The future of the cloud is federated across multiple datacenters and corporations. Datacenters will become "dumb pipes". But first we need a good networking foundation.
Kubernetes is nice, but multihost networking has still not been implemented well. We are getting there. Openflow is maturing and nice solutions like openvswitch exist. For high bandwidth businesses, the best architecture is now an edge network of openvswitch containers, forwarding packets to an internal network of backend services. Virtualized switches can now process packets almost as fast as physical switches, and even faster with GPU parallelization (packetshader). Therefore it makes sense to perform routing logic at the edge layer, so the backend services only need to worry about their own application logic. Unfortunately, an edge network is by definition a multi-host network. Until multi-host networking works in something like Kubernetes, this optimal architecture (edge --> backend) is not appealing because orchestration is a nightmare.

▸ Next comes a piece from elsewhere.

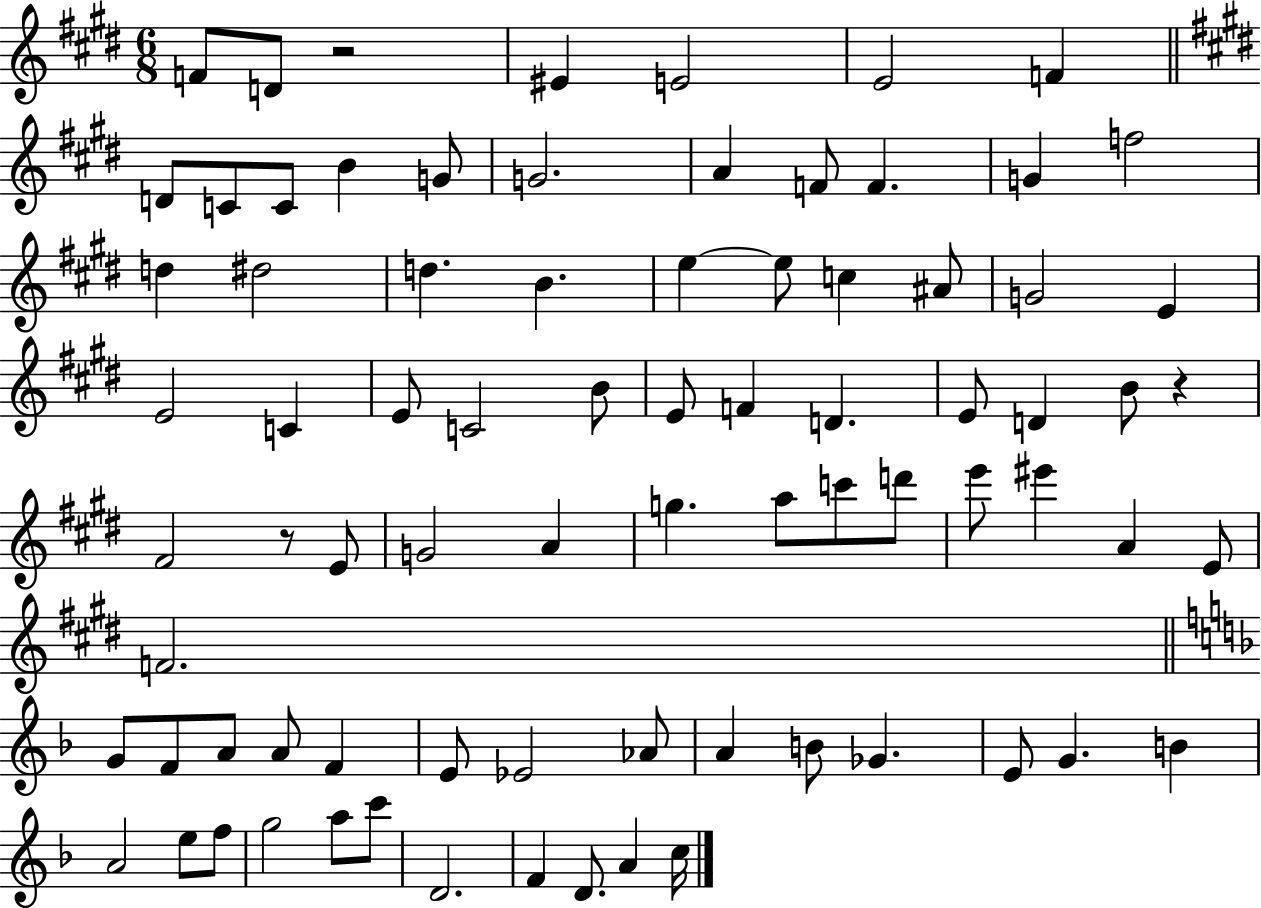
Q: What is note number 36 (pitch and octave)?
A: E4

(btw, the fact that commodity hardware is now capable of advanced networking is much of the reason companies like cloudflare, highwinds, fastly, etc. are making so much money. Their entire business is based on the "edge network" I described above)
A bigger obstacle in the way of mult-datacenter networking is price. Most cloud companies charge per gigabyte of transfer for bandwdith out of their networks. Upstream providers, which you can connect to when you own your own or rent hardware, charge per gigabyte of transfer, per second, 95% of the time. If you think of bandwidth as a water pipe, Amazon/google/etc charge for how much water you put through the pipe, whereas upstream providers charge you for the invariable size of the pipe. When you do the math, if you assume 95% 24/7 high bandwidth utilization, Amazon gouges you orders of magnitude more than upstream providers. If you are a business with a model depending on networking (any protocol business -- VPN, DNS, CDN, load balancing, proxying, etc) you need to assume that your customers will use max bandwidth. Many times they also do not expect to be charged for bandwidth, so you cannot charge them for it. Therefore you cannot use the cloud because its pricing model is prohibitively expensive.
Thus, bandwidth intensive companies are prohibited from the conveniences of the cloud. They need to build all their own infrastructure in order to take advantage of bandwidth pricing.
This is a huge market gap. The second "cloud revolution" will come in the networking layer.